Le président du Codebu se dit étonné par la mesure interdisant de construire des maisons en pailles. Il se demande si on a tenu compte du niveau de pauvreté d’une partie de la population burundaise : « Il n’y a aucune personne qui vit dans une maison en pailles de sa propre volonté. Mais il y vit parce qu’il a manqué les moyens financiers pour se construire une maison décente en tuiles ou en tôles.»
M. Nibizi propose d’exhorter les gens à vivre dans des maisons décentes mais de ne pas interdire à un jeune de se marier quand il a une maison en pailles.
Aloys Baricako : « Il est difficile d’appliquer certaines mesures.»
« J’ai des inquiétudes sur la mesure concernant l’harmonisation des prix de certains produits tels que la viande, les produits Brarudi, le ciment Buceco», fait remarquer Aloys Baricako, président du Rassemblement national pour le changement (Ranac).
Pour lui, il est difficile d’harmoniser le prix pour la viande sur tout le territoire national. Il fait observer que le coût des vaches n’est pas le même sur le territoire national.

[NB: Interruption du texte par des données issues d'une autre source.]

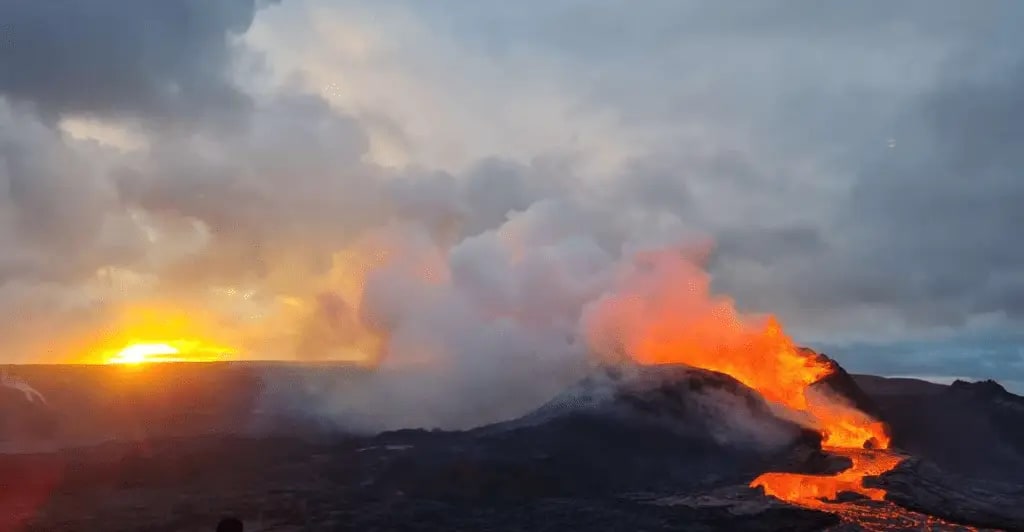 25 Top Things to do in Reykjavik Iceland - 14. Volcano House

Et de faire savoir qu’à Bujumbura, il faut y ajouter le coût du transport, de la main d’œuvre et la location des maisons. « C’est une mesure qu’il faut analyser dans tous ses angles. Il y a risque que les bouchers puissent résister à une telle mesure », prévient-il.
De surcroît, il déplore que la vente des produits Brarudi reste un casse-tête. Et que des mesures pour harmoniser les prix de ces produits ont toujours été prises sur toute l’étendue du territoire, mais que ces prix ne sont pas toujours respectés.
M. Baricako évoque la rareté de ces produits et la spéculation de certains commerçants. « Pour que les prix soient uniformes, il faut que ses produits soient disponibles, conclut-il.